The Hollywood strip mall near Sunset and Vine contains a nail salon, a massage parlor, a Thai takeout joint, an Alcoholics Anonymous meeting place and, for several hours every afternoon, one of the best fighters on the planet.

Manny Pacquiao is training for what will surely be the biggest fight of his life, the most anticipated boxing match, in fact, the sport has seen in years. From an economic standpoint, it will surely break records for both viewers and dollars, and from a personal standpoint, it could go a long way to defining the legacies of both Pacquiao and Floyd Mayweather, the brash, undefeated American welterweight who will stand in the opposite corner Saturday, May 2, in Las Vegas.

Because of endless squabbling and inexplicable listlessness, the mega-fight is years in the making. At 36, Pacquiao is an international superstar who’s pocketed more than $330 million in his boxing career and is the most famous person ever to come from the Philippines, where he’s serving his second term in the country’s House of Representatives. He’s also among very few in the sport who thinks he’s actually better positioned to defeat Mayweather, 38, now than he was five years ago.

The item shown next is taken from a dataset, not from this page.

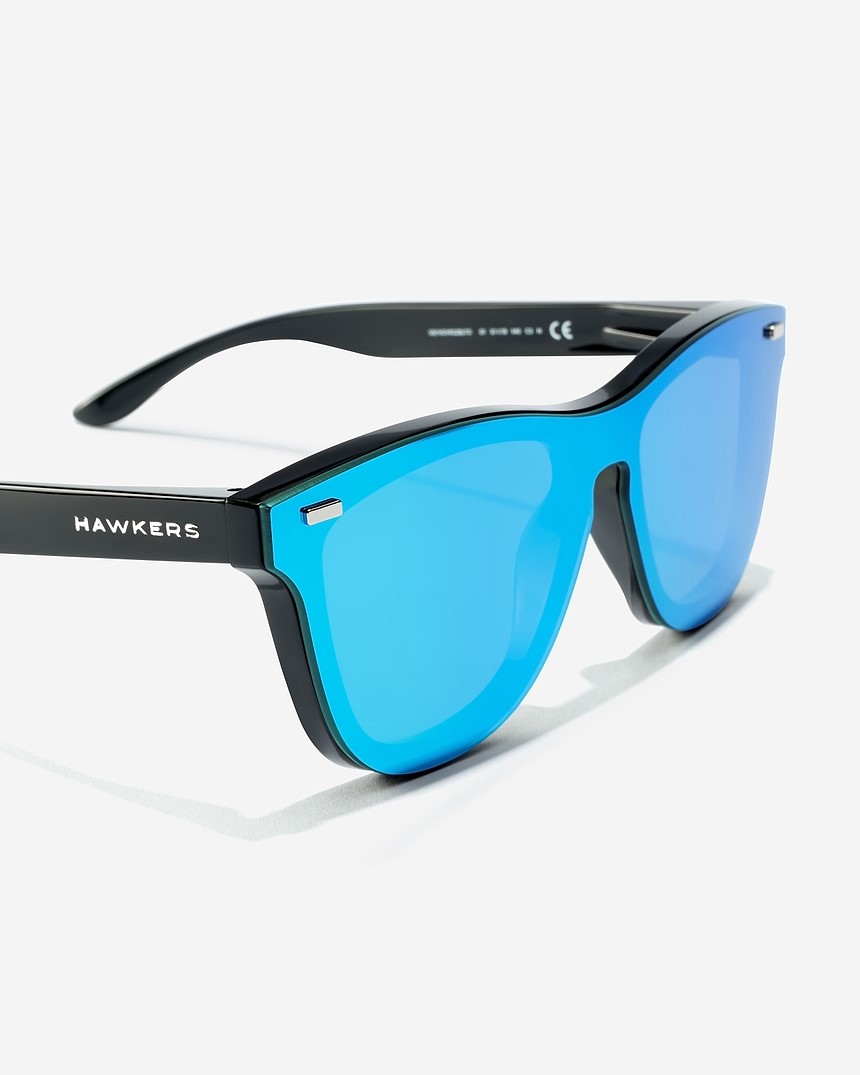 KÍNH MÁT HAWKERS CLEAR BLUE ONE VENM HYBRID SHINY BLACK FRAME AND BLUE SKY MIRRORED MASK LENS 3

“Before, I’m always thinking [about] the fight, thinking over and over,” Pacquiao said during a recent training session. “Now I have peace of mind and relaxing because I know I can do all things through Christ who strengthens me. I can do all things through God.”

While boxing analysts would point out Pacquiao was a different fighter five years ago — younger and quicker with two fewer losses — those around the compact, mild-mannered pugilist note that he’s also a different man.

“Manny lived a funny lifestyle,” his longtime promoter Bob Arum says. “Even though he was very religious, he gambled, he drank, he ran around with women.” At some point not long after a career-defining win over Oscar De La Hoya in 2008, Pacquiao’s wife, Jinkee, began to tire of the fighter’s lifestyle — “threatened to leave,” according to Arum’s telling — “and suddenly, the next thing I knew, he was a born again. A very serious one.”

Today, “he doesn’t drink, he doesn’t gamble,” says his trainer, Freddie Roach. “I mean, he was real bad at all these things. He doesn’t chase girls. His family’s happy, his wife’s happy, he’s a good father.”

That’s when Roach pauses, because he knows that to gain all of that personal satisfaction, something was lost professionally. For a fighter, every win comes with sacrifice.

“The only thing we lost in boxing a little bit is the killer instinct,” Roach says. “He doesn’t have that like he once did, I feel.”

It’s true, Pacquiao had once scored a knockout 20 times in a 21-fight stretch, but his past eight wins have all gone 12 rounds. Pacquiao, who has a career record of 57-5-2 with 38 knockouts, hasn’t won a fight by knockout in more than five years, since a 12th-round technical knockout over Miguel Cotto in 2009.

“He feels no need to hurt people,” Roach says. “He says he doesn’t need to hurt them to beat them. That hurts a little bit to me.”

Speed and power

Pacquiao was wrapping his hands when his longtime trainer poked his head in.

“How do you feel?” Roach asked.

“Good.”

“I slept like eight or nine hours last night. I was so tired.”

Roach explained that an HBO crew wanted to meet him first thing in the morning to film the start of his day.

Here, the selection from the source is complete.